World Reader

test
Example
Example

Inspiration

Our team knows some friends who are visually impaired, so we wanted to make something to keep them safe and help them better understand their environment.

What it does

It takes input images from either the camera or the storage and interpret the content of the image in natural language. It also read the content descriptions out loud for its users.

How we built it

We used Android Studio to implement the UI and convert the result text to speech. Communication between frontend and backend. The backend is implemented using Google App Engine and Vision AI API. We created a Python/Flask REST API that runs on top of App Engine.

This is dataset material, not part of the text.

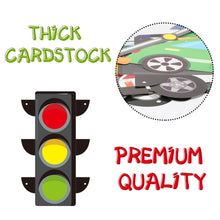 Load image into Gallery viewer, TICIAGA 10pcs Transportation Cardboard Cut-Out for Outdoor Porch Sign Door Banner, Transportation Theme Birthday Party Banner, Car Theme Hanging Party Decoration Kit, Mix of Car, Plane, Traffic Light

In side the REST API, we use Vision AI API to convert the picture into keywords. And we constructed a novel algorithm that converts those keywords into actual sentences.

Challenges we ran into

The backend processing time was very long. To improve the processing time we compressed the images for better performance. Converting keywords into sentences took a lot of effort.

Accomplishments that we're proud of

Our backend is completely based on GCP. We wrote an algorithm that select important keywords out of words generated by the Google AI functions from the images. Then our algorithm creates complete sentences that are understandable by human out of these keywords. We built a backend REST API for communication with frontend. We built a UI that can take pictures using device camera and store them in storage to preserve the resolution.

What we learned

We gained better understanding on how to send pictures between front end and back end, and how to compress/scale the pictures. We learned how to create human readable sentences out of keywords. Learned how to use GCP features.

What's next for World Reader

Make UI more user friendly. Implement real-time video interpretation using the basic infrastructure we already built in place for pictures. We would like to improve the quality of the generated sentences to include more precise information such as location and motion.